:: The input

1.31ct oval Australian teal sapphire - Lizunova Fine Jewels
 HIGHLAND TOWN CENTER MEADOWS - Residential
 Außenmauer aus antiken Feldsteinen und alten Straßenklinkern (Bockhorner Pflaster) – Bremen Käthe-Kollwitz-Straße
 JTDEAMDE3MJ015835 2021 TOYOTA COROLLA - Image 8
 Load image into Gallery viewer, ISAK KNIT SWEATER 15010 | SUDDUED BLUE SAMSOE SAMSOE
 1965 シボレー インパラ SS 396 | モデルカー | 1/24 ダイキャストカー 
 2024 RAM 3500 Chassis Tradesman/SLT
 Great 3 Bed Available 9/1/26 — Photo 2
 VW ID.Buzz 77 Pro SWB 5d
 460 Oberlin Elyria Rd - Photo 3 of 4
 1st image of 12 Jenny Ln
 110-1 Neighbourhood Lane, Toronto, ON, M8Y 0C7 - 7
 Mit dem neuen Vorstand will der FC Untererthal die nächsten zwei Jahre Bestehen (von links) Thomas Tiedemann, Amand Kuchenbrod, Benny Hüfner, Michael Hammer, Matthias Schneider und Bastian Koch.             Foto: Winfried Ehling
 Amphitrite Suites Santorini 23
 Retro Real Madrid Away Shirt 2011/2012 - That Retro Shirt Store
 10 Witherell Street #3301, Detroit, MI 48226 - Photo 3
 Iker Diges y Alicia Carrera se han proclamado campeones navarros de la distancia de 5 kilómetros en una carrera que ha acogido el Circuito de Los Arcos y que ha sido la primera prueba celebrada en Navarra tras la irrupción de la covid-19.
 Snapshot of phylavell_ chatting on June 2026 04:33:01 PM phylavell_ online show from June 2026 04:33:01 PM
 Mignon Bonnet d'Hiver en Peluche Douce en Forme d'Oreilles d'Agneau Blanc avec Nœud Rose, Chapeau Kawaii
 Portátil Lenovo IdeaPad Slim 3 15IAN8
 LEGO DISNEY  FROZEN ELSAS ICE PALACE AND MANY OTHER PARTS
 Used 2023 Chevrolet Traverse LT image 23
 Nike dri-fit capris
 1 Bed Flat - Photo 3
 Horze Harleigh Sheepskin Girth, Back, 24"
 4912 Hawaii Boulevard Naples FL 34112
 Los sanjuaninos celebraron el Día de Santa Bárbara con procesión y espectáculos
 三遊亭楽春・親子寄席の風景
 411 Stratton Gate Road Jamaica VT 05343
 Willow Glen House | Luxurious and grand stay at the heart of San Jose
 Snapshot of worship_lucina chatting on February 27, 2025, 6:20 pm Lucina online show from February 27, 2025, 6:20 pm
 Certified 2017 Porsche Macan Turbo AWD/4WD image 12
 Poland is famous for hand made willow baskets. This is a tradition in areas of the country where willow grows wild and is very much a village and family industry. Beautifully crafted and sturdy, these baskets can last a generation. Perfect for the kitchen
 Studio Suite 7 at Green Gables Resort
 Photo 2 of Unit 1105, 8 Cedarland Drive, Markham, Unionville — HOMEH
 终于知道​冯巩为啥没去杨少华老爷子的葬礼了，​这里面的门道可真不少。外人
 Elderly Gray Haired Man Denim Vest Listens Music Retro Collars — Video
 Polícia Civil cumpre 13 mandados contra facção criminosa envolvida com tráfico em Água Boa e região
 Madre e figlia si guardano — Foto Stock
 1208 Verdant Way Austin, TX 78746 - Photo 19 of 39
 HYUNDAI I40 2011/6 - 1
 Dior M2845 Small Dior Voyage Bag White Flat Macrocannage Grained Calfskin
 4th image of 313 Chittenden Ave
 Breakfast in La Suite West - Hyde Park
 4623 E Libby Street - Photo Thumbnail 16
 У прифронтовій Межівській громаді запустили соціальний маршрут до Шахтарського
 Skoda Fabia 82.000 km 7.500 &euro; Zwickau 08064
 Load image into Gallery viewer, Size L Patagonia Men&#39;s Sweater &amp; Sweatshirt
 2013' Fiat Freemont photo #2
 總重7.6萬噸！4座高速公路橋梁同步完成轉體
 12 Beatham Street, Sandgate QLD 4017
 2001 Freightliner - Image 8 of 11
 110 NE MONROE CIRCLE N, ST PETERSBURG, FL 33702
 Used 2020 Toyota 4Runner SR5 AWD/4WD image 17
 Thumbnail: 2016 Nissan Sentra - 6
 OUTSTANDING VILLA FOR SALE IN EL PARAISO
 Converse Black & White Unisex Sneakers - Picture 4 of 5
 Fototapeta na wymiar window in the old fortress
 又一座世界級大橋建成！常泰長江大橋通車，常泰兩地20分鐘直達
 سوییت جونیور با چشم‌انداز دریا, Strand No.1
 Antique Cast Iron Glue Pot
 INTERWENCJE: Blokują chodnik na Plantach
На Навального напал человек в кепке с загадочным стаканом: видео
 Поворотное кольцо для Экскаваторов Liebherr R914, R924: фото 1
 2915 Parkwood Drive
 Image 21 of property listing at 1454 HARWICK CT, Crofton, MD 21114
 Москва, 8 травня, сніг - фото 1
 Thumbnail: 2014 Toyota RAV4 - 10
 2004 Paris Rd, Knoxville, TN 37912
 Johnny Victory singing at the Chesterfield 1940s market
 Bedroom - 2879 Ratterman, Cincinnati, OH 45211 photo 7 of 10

::::

◆ **Instructions to follow**
Go through the records and print each one exactly.

◆ **Problem solution**
1.31ct oval Australian teal sapphire - Lizunova Fine Jewels
 HIGHLAND TOWN CENTER MEADOWS - Residential
 Außenmauer aus antiken Feldsteinen und alten Straßenklinkern (Bockhorner Pflaster) – Bremen Käthe-Kollwitz-Straße
 JTDEAMDE3MJ015835 2021 TOYOTA COROLLA - Image 8
 Load image into Gallery viewer, ISAK KNIT SWEATER 15010 | SUDDUED BLUE SAMSOE SAMSOE
 1965 シボレー インパラ SS 396 | モデルカー | 1/24 ダイキャストカー 
 2024 RAM 3500 Chassis Tradesman/SLT
 Great 3 Bed Available 9/1/26 — Photo 2
 VW ID.Buzz 77 Pro SWB 5d
 460 Oberlin Elyria Rd - Photo 3 of 4
 1st image of 12 Jenny Ln
 110-1 Neighbourhood Lane, Toronto, ON, M8Y 0C7 - 7
 Mit dem neuen Vorstand will der FC Untererthal die nächsten zwei Jahre Bestehen (von links) Thomas Tiedemann, Amand Kuchenbrod, Benny Hüfner, Michael Hammer, Matthias Schneider und Bastian Koch.             Foto: Winfried Ehling
 Amphitrite Suites Santorini 23
 Retro Real Madrid Away Shirt 2011/2012 - That Retro Shirt Store
 10 Witherell Street #3301, Detroit, MI 48226 - Photo 3
 Iker Diges y Alicia Carrera se han proclamado campeones navarros de la distancia de 5 kilómetros en una carrera que ha acogido el Circuito de Los Arcos y que ha sido la primera prueba celebrada en Navarra tras la irrupción de la covid-19.
 Snapshot of phylavell_ chatting on June 2026 04:33:01 PM phylavell_ online show from June 2026 04:33:01 PM
 Mignon Bonnet d'Hiver en Peluche Douce en Forme d'Oreilles d'Agneau Blanc avec Nœud Rose, Chapeau Kawaii
 Portátil Lenovo IdeaPad Slim 3 15IAN8
 LEGO DISNEY  FROZEN ELSAS ICE PALACE AND MANY OTHER PARTS
 Used 2023 Chevrolet Traverse LT image 23
 Nike dri-fit capris
 1 Bed Flat - Photo 3
 Horze Harleigh Sheepskin Girth, Back, 24"
 4912 Hawaii Boulevard Naples FL 34112
 Los sanjuaninos celebraron el Día de Santa Bárbara con procesión y espectáculos
 三遊亭楽春・親子寄席の風景
 411 Stratton Gate Road Jamaica VT 05343
 Willow Glen House | Luxurious and grand stay at the heart of San Jose
 Snapshot of worship_lucina chatting on February 27, 2025, 6:20 pm Lucina online show from February 27, 2025, 6:20 pm
 Certified 2017 Porsche Macan Turbo AWD/4WD image 12
 Poland is famous for hand made willow baskets. This is a tradition in areas of the country where willow grows wild and is very much a village and family industry. Beautifully crafted and sturdy, these baskets can last a generation. Perfect for the kitchen
 Studio Suite 7 at Green Gables Resort
 Photo 2 of Unit 1105, 8 Cedarland Drive, Markham, Unionville — HOMEH
 终于知道​冯巩为啥没去杨少华老爷子的葬礼了，​这里面的门道可真不少。外人
 Elderly Gray Haired Man Denim Vest Listens Music Retro Collars — Video
 Polícia Civil cumpre 13 mandados contra facção criminosa envolvida com tráfico em Água Boa e região
 Madre e figlia si guardano — Foto Stock
 1208 Verdant Way Austin, TX 78746 - Photo 19 of 39
 HYUNDAI I40 2011/6 - 1
 Dior M2845 Small Dior Voyage Bag White Flat Macrocannage Grained Calfskin
 4th image of 313 Chittenden Ave
 Breakfast in La Suite West - Hyde Park
 4623 E Libby Street - Photo Thumbnail 16
 У прифронтовій Межівській громаді запустили соціальний маршрут до Шахтарського
 Skoda Fabia 82.000 km 7.500 &euro; Zwickau 08064
 Load image into Gallery viewer, Size L Patagonia Men&#39;s Sweater &amp; Sweatshirt
 2013' Fiat Freemont photo #2
 總重7.6萬噸！4座高速公路橋梁同步完成轉體
 12 Beatham Street, Sandgate QLD 4017
 2001 Freightliner - Image 8 of 11
 110 NE MONROE CIRCLE N, ST PETERSBURG, FL 33702
 Used 2020 Toyota 4Runner SR5 AWD/4WD image 17
 Thumbnail: 2016 Nissan Sentra - 6
 OUTSTANDING VILLA FOR SALE IN EL PARAISO
 Converse Black & White Unisex Sneakers - Picture 4 of 5
 Fototapeta na wymiar window in the old fortress
 又一座世界級大橋建成！常泰長江大橋通車，常泰兩地20分鐘直達
 سوییت جونیور با چشم‌انداز دریا, Strand No.1
 Antique Cast Iron Glue Pot
 INTERWENCJE: Blokują chodnik na Plantach
На Навального напал человек в кепке с загадочным стаканом: видео
 Поворотное кольцо для Экскаваторов Liebherr R914, R924: фото 1
 2915 Parkwood Drive
 Image 21 of property listing at 1454 HARWICK CT, Crofton, MD 21114
 Москва, 8 травня, сніг - фото 1
 Thumbnail: 2014 Toyota RAV4 - 10
 2004 Paris Rd, Knoxville, TN 37912
 Johnny Victory singing at the Chesterfield 1940s market
 Bedroom - 2879 Ratterman, Cincinnati, OH 45211 photo 7 of 10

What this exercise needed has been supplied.